Pijat Tui Na (Tuina) sebagai Terapi Komplementer untuk Kesehatan Anak dan Pencegahan Stunting
DOI:
https://doi.org/10.5281/vhfppx45Keywords:
Stunting, Kesehatan Masyarakat, Keterlambatan PerkembanganAbstract
Stunting merupakan salah satu persoalan kesehatan masyarakat yang masih menjadi tantangan di Indonesia, khususnya pada kelompok balita. Kondisi ini menggambarkan kegagalan pertumbuhan anak secara optimal akibat malnutrisi kronis, infeksi berulang, maupun kurangnya stimulasi perkembangan sejak periode awal kehidupan. Stunting bukan sekadar permasalahan tinggi badan di bawah standar, melainkan kondisi yang berdampak pada perkembangan kognitif, motorik, perilaku, hingga kualitas hidup anak di masa depan.

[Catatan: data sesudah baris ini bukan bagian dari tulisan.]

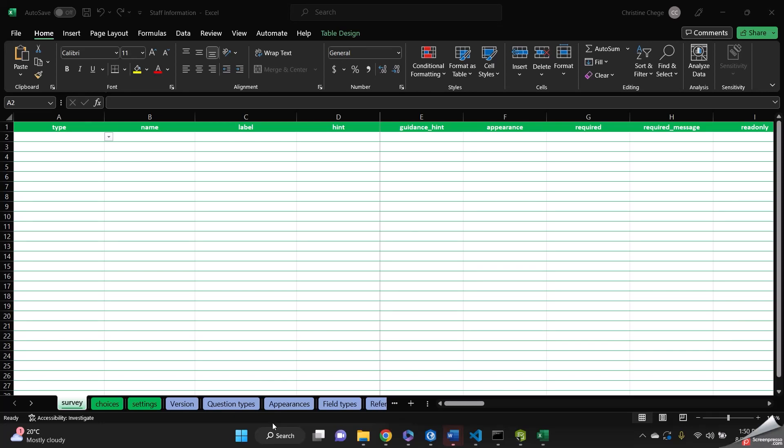Hello, my name is Kristin Chege and I'll be taking you through how to add a repeat question using ArcGIS 123 Connect. So this form is basically going to collect staff information.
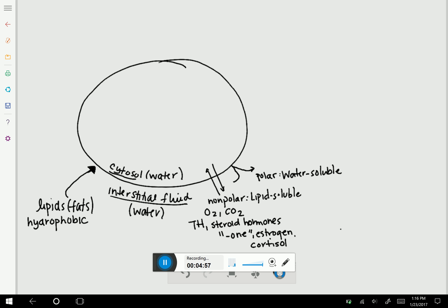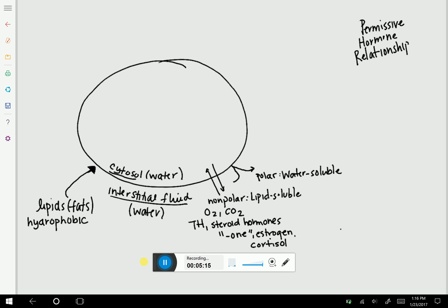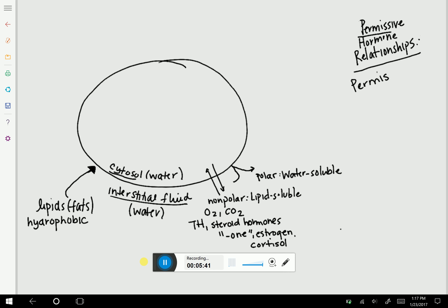We're going to utilize lipid versus water soluble to understand permissive hormone relationships. Synergistic — the prefix 'syn,' like synonym, means same. Antagonistic — 'anti' — means opposing actions. Permissive means permission: one hormone gives the other hormone permission to work. A way that makes the most sense is that one hormone will essentially allow the other hormone's receptor to be expressed.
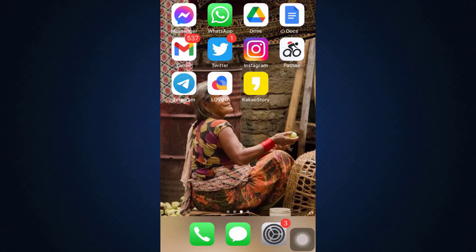Hi everyone, welcome back to my channel. I'm back with another tutorial video for you guys today. In today's video I'm going to show you how you can delete your pictures on your Lovu account. If you previously uploaded certain pictures but no longer want these pictures to appear on your Lovu profile and hence want to permanently delete them, I'm going to guide you through the step-by-step instructions on how this is attainable.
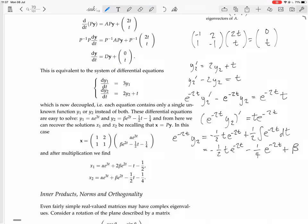Multiplying both sides by e^(2t) to solve for y2 gives y2 equals minus (1/2)t minus (1/4) plus β·e^(2t). So those are the two solutions for y1 and y2.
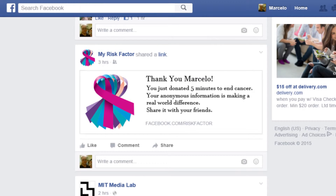Social media has reached a critical mass. Facebook has more than 1.5 billion active users. Google Plus has 500 million active users. LinkedIn has 380 million users. We want to invite the public to donate their information in a way that's reliable, cheaper, and comprehensive. We call this philanthropic data sharing.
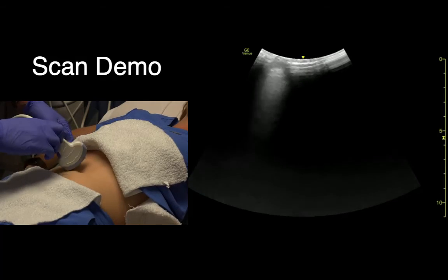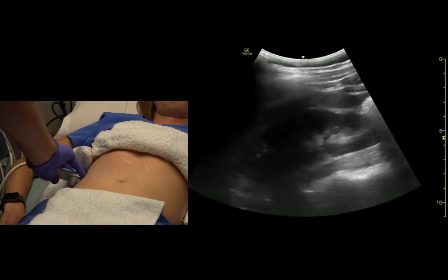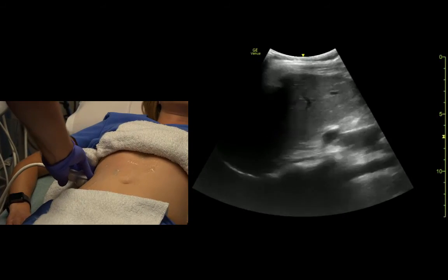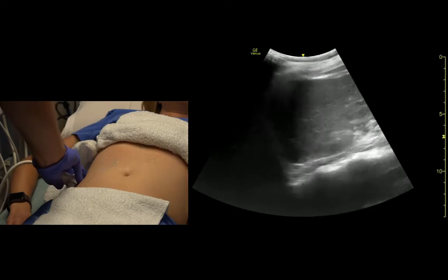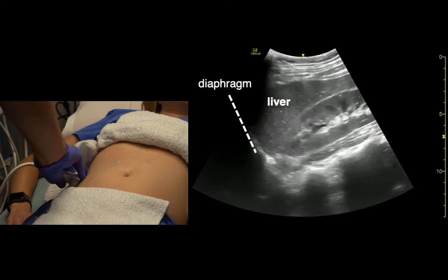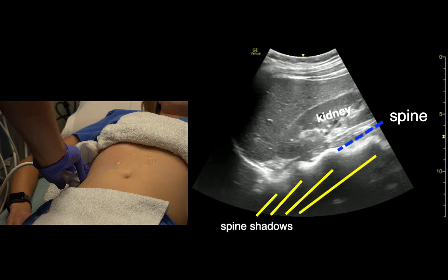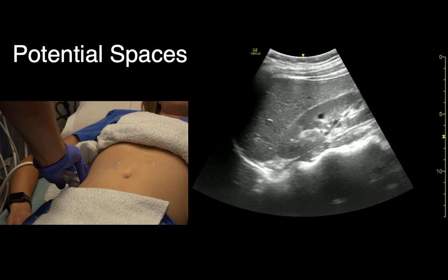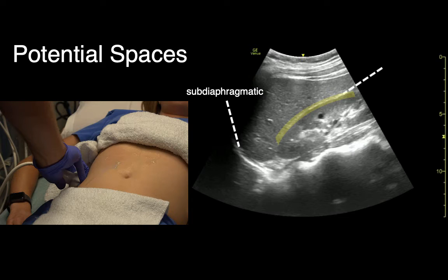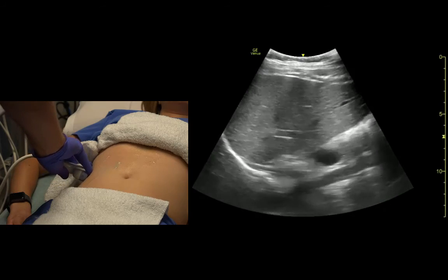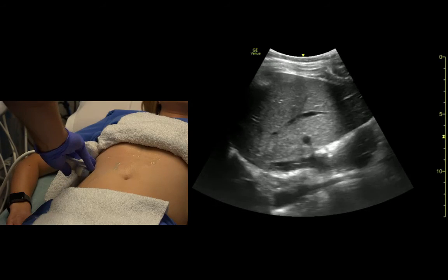Coming from the coronal view of the abdomen with the indicator towards the head, we find the liver from this view. We see the liver below the diaphragm — it's fairly nondescript. If we fan posteriorly, we can see the kidney and the spine. If we get high enough, we can see the aorta and IVC from a coronal section.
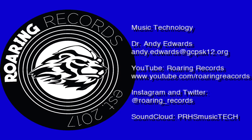Hello everyone and welcome to another Roaring Records tutorial. Today we are going to be talking about adding harmonies to Soundtrap.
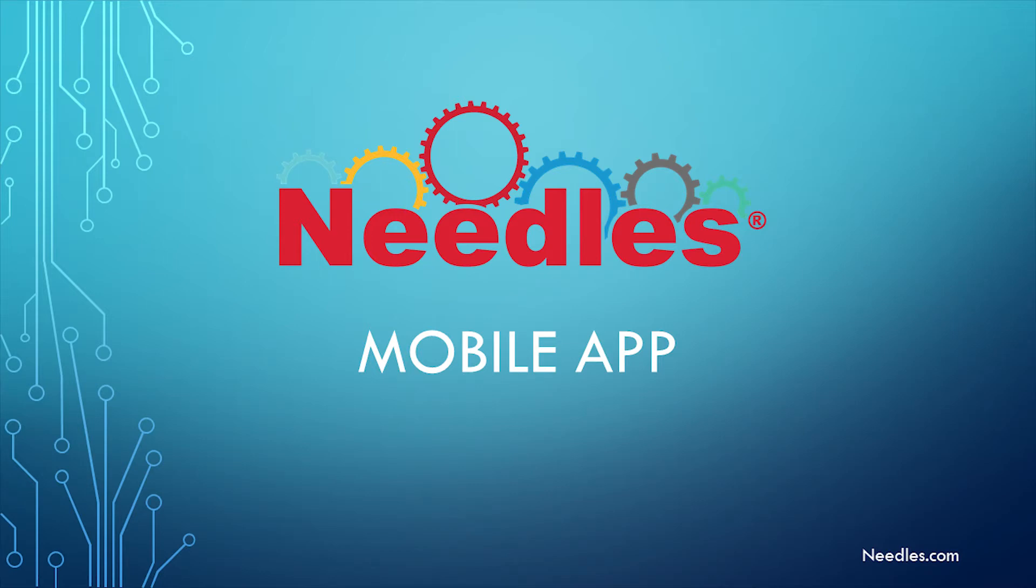Hello and welcome to the introduction of the all-new Needles Mobile App. My name is Brian and I can't wait to show you what our team has been working on.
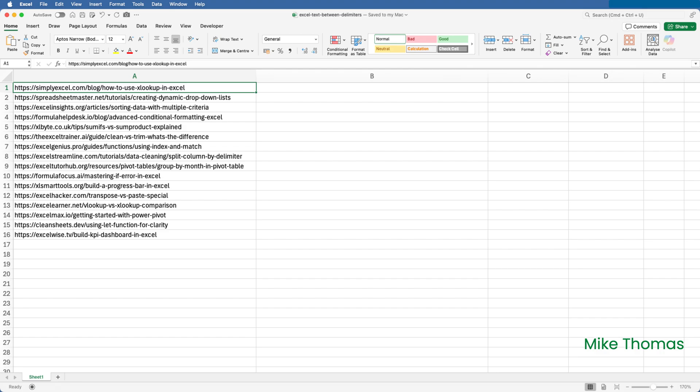In column A, I have a list of fictitious Excel-related articles and blog posts hosted on fictitious websites, or at least they were fictitious at the time of recording. You can see that some of the URLs have subfolders, some have sub-subfolders, and for some, the post name is directly off the domain name. I've been asked to extract the domain name from each URL.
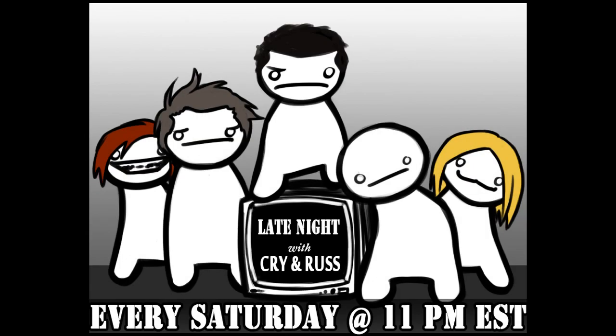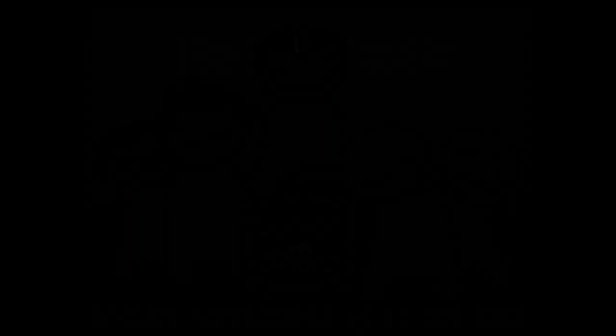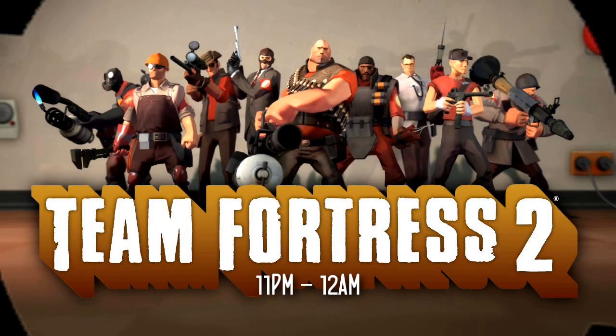Anyway, Late Night with Cryin' Russ is coming back at you this time with a new tidbit of tittery. Roll it. From 11pm till 12am, Team Fortress 2.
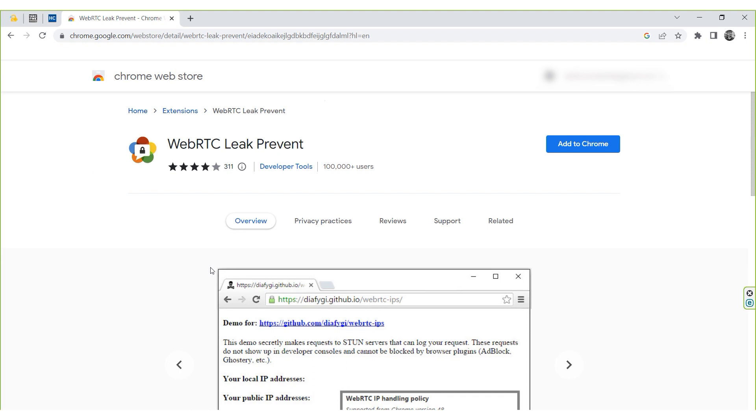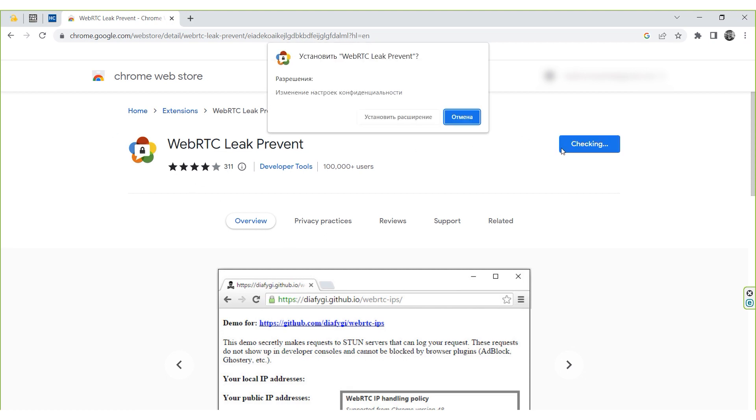Launch Chrome. Now we need to install WebRTC leak prevent extension. After installation, the extension is automatically enabled.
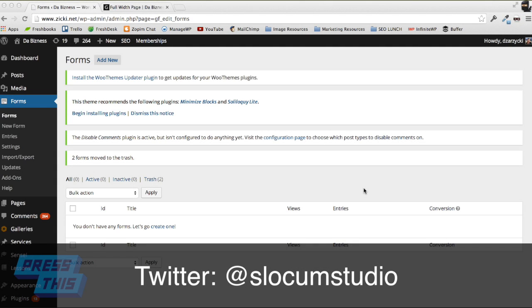Hey everyone, this is Dan from Slocum Themes and the team at PressThis. We're bringing you a PressThis hands-on where we show you how to create an email subscribe form for your WordPress website using Gravity Forms and how our themes make it easier than ever to add a gravity form to the website.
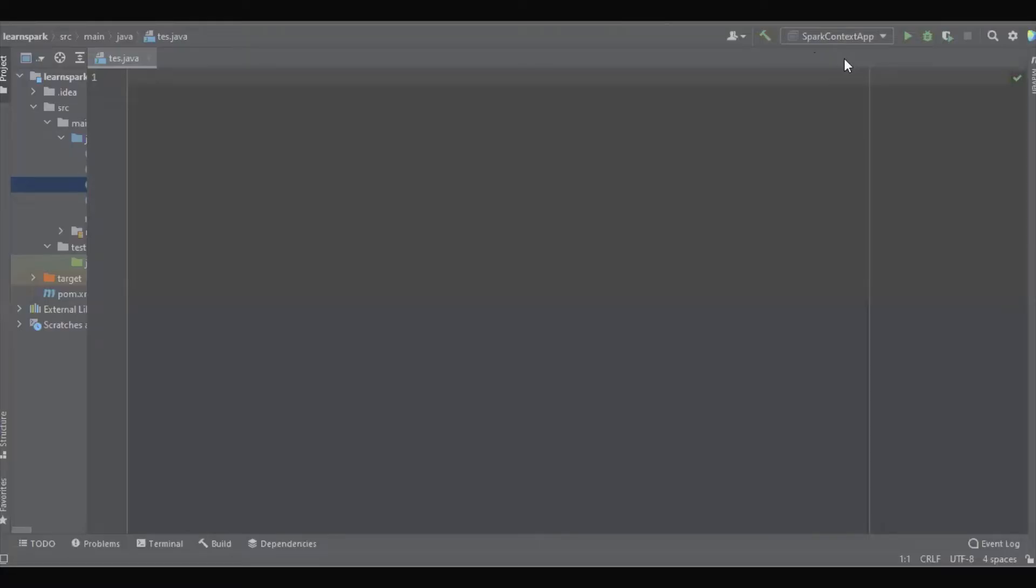In this video we're going to discuss how to create the Spark local dev environment with the help of IntelliJ IDEA. I'm going to create a new project in IntelliJ IDEA.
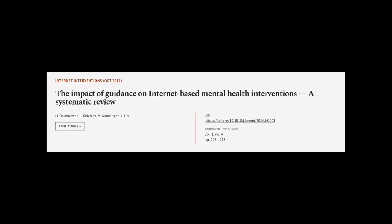This article was authored by H. Baumeister, L. Reichler, M. Munzinger, and others.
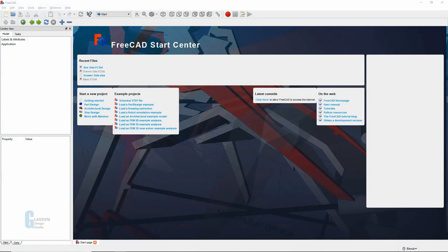FreeCAD has a rudimentary spreadsheet workbench built into it that initially only supported having a spreadsheet within the model itself, but as of version 0.17 it also had the ability to import an Excel spreadsheet. Now the functionality of the spreadsheet is not anywhere close to that of Excel or LibreOffice, but it is suitable for the needs of the woodworker.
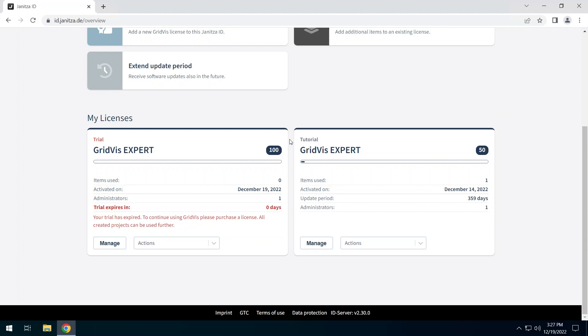An expired test phase can either be activated with a license key or removed from the Janitza ID. Please note that only one test phase is supported per Janitza ID.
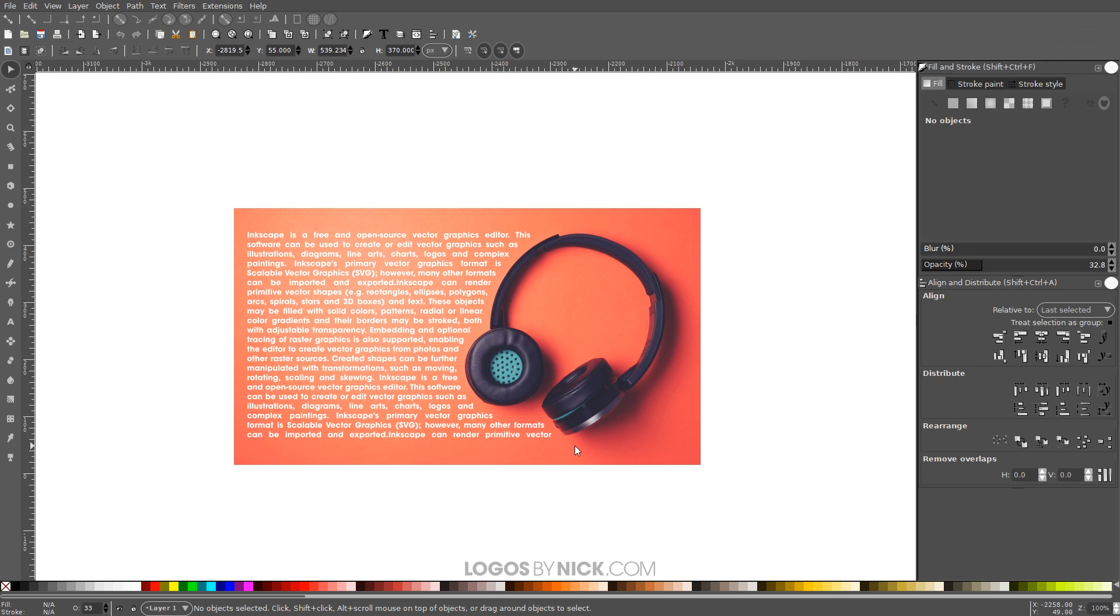As you can see, we have accomplished the effect we were trying for. We have taken our text and we have flowed it around the edge of this object here. So I think that should do it for this tutorial. If you have any questions, let me know, and as always, thanks for watching.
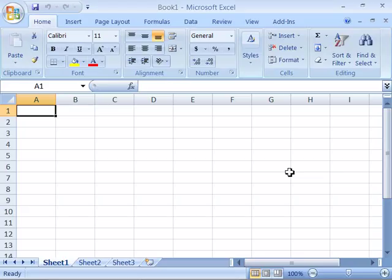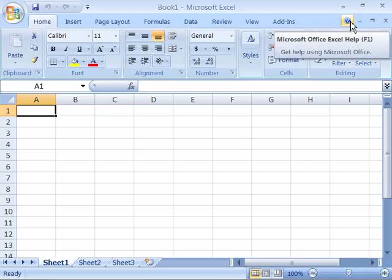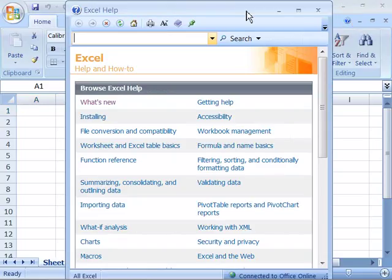You can access Help in Excel quite simply by coming up here to the Microsoft Excel Help button and clicking it. You can also press your F1 key from your keyboard to access Help.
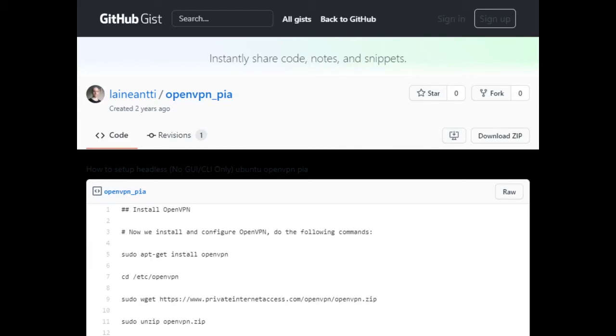Hey YouTube, this is Mel with the Tech Library Project and in this video I'm going to show you how to install PIA on a headless Linux server.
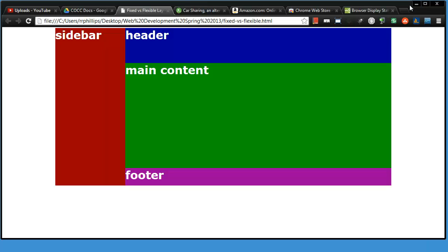Hey, this is Ralph. I want to continue looking at fixed versus flexible web page layouts. I've got my little mock-up here and this is a fixed layout at the moment. But now I'd like to make it a little bit more flexible.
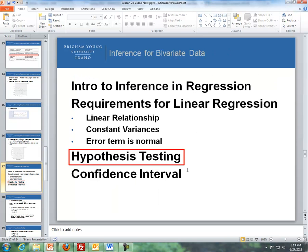I'll stop the video here and continue with hypothesis testing and confidence intervals in the next video.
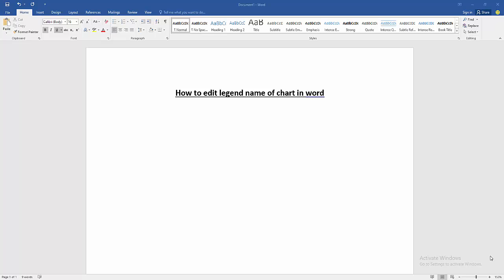Assalamualaikum, hello friends, how are you? Welcome back to another video. In this video I am going to show you how to edit legend name of chart in Microsoft Word. Let's get started.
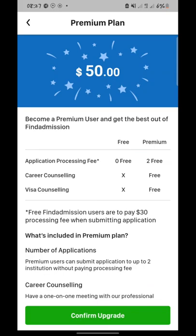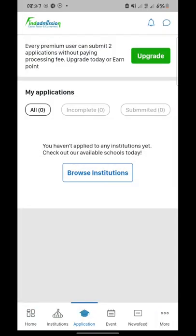If you want to download this app, kindly see the description — I have dropped the link there so you can download it. Thank you guys for watching. If you have any questions, drop them in the comment section — I'll be available to answer. Don't forget to subscribe to my YouTube channel, like and share this video. See you next time.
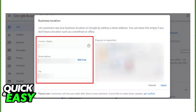As soon as you are done changing the business location you can apply the changes and customers will be able to verify the location after you update it through the Google Business Location Manager.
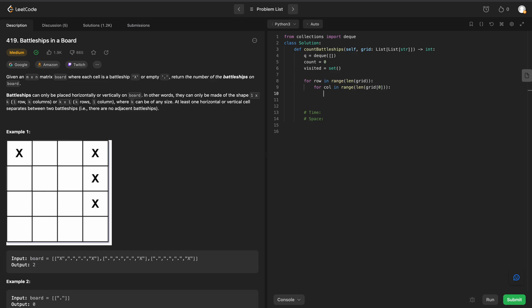What are we going to do? We have to check and see if the grid at our row column, if that position is an x and it hasn't been visited before, we can increment our count. That means we've run into a new battleship, and then we can run breadth-first search.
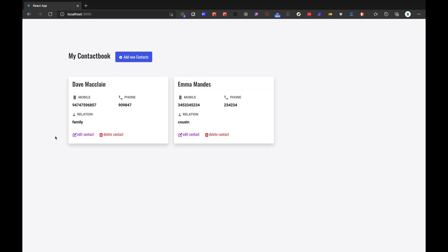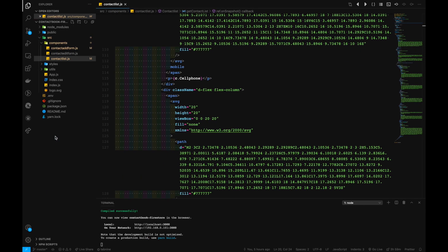In this video we built a simple working contact book application with the help of Firebase and React. I hope this video was really useful for you all. Thank you so much for watching. If you want to learn more about design and development, please like, share and subscribe. I'll be trying to make more and better videos like this. See you in the next one.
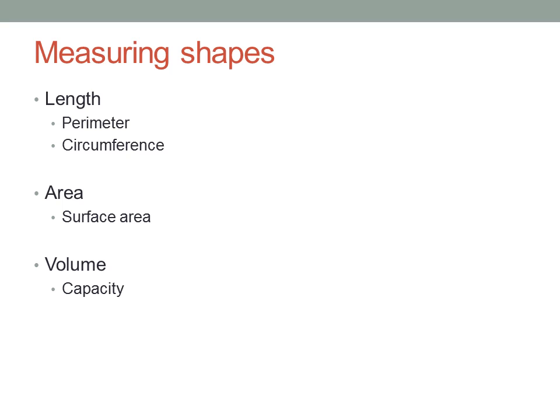Another thing we might ask about a flat shape is its area. That's the space inside the shape.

Secara epidemiologis, prevalensi stunting menjadi indikator penting yang mencerminkan kualitas kesehatan generasi suatu bangsa. Anak yang mengalami stunting berisiko mengalami keterlambatan perkembangan, rendahnya kemampuan akademik, peningkatan risiko penyakit kronis pada usia dewasa, serta berkurangnya produktivitas kerja. Oleh karena itu, penanganan stunting bukan hanya persoalan medis, tetapi berkaitan erat dengan faktor sosial, ekonomi, dan pola pengasuhan keluarga.